That plan might work for my rural friend, but my city-dwelling acquaintance would find staying away from the neighbors difficult, if not impossible to do; after all, for many urbanites, that "next door neighbor" might live all of 10 feet away!

The very act of living side-by-side with others creates demands for programs and services that, to those living elsewhere, seem unnecessary but, to those living in thickly-settled areas, are essential to modern-day life.

City-dwellers need and deserve a publicly-funded source of transportation in order to get to and from work, school, and the marketplace; modern urban living would be impossible without it. Just try to think of where all those extra cars and trucks would have to go to be parked when not in use, and how much more asphalt would have to be put down to accommodate them when on the road!

Modern industrial processes involve exposure to dangerous chemicals and substances.

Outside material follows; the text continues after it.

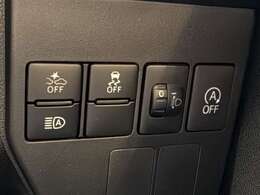 衝突被害軽減ブレーキや横滑り防止装置など安全面も充実のスマートアシスト3搭載車です！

Without regulations governing the entire manufacturing process, from acquisition of raw materials to production and distribution of finished products, serious workplace injuries and deaths would occur much more frequently.

As the nation and the world become more densely-packed with humanity from all over, the notion of "We The People" will continue to evolve and change. For some, that may mean the loss of cherished ways of living, but time marches on, and time waits for no one.

Because of all the changes that increased population, and increased density of populated areas, will bring to our society, our culture will inevitably change. It is entirely possible that, in the next decade, one or both of our cherished political parties may go the way of the Whigs.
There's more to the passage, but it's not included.